PARALLEL, HIGH-RESOLUTION CARBON AND SULFUR ISOTOPE RECORDS AND THEIR USE IN RESOLVING THE MECHANISMS BEHIND REGIONAL AND GLOBAL ISOTOPE EXCURSIONS

Analyses of carbonate rocks permit the generation of parallel, high-resolution carbon, sulfur and strontium isotope records for seawater spanning geologic history. An emerging proxy, carbonate-associated sulfate (CAS), has been shown to faithfully track the sulfur isotope composition of seawater in both modern and ancient environments. Because of the links between the carbon and sulfur cycles, , high resolution, CAS-based S isotope records have the potential to shed essential mechanistic light on the causes and the global versus regional implications of carbon isotope excursions observed in the geological record.

Results from the Late Cambrian SPICE event preserved at Shingle Pass, Nevada, show parallel positive C (4 per mil) and S (25 per mil) isotope excursions, likely recording a large-scale marine organic carbon burial event with sympathetic pyrite burial. Carbon and sulfur records from other events throughout the Paleozoic show a variety of different and evolving relationships. A Silurian-Devonian boundary section at Strait Creek, West Virginia, reveals a positive C excursion of 6 per mil but with an enigmatic S isotope relationship. Specifically, a possible negative S excursion (15 per mil) seems to be in phase with the large, positive C shift. By contrast, a Kinderhookian-Osagean (Early Mississippian) section in the Confusion Range, Utah, records invariant S isotope ratios across a C isotope excursion of 6 per mil. Mid-to-late Paleozoic records may be dominated by terrestrial organic C burial, which would lack parallel pyrite burial.
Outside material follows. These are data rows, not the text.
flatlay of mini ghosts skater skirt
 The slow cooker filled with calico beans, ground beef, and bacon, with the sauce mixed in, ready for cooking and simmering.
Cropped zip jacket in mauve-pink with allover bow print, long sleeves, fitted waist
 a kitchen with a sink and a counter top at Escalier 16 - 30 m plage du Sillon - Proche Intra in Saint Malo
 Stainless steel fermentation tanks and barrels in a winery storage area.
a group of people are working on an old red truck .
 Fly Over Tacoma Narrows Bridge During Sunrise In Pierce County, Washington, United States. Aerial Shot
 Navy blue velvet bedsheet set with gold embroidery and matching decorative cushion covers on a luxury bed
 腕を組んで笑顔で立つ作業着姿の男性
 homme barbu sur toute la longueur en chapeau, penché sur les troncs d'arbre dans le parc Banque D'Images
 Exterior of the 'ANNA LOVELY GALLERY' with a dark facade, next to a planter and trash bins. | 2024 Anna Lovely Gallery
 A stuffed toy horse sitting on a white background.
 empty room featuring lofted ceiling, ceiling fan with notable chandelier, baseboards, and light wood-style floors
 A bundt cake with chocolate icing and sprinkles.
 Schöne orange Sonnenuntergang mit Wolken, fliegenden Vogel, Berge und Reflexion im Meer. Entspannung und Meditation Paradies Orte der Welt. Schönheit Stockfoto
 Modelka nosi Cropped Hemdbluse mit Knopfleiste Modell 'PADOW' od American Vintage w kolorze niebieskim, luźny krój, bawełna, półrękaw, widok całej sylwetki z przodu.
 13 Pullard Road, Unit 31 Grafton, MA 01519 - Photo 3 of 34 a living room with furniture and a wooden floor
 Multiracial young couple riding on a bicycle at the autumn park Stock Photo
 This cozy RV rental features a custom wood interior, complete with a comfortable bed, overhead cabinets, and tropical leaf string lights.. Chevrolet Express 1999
Alternatively, the coupling of mid-to-late Paleozoic, high-resolution C-S isotope records may have weakened with decreasing sensitivity of the seawater S isotope reservoir to flux terms, the result of marine sulfate concentration increasing through the Paleozoic. Additional, ongoing high-resolution CAS work includes Pennsylvanian (Missourian) cyclothems and the Ordovician-Silurian boundary as part of our effort to deconvolve the drivers behind local versus global isotope effects under different and evolving oceanic conditions.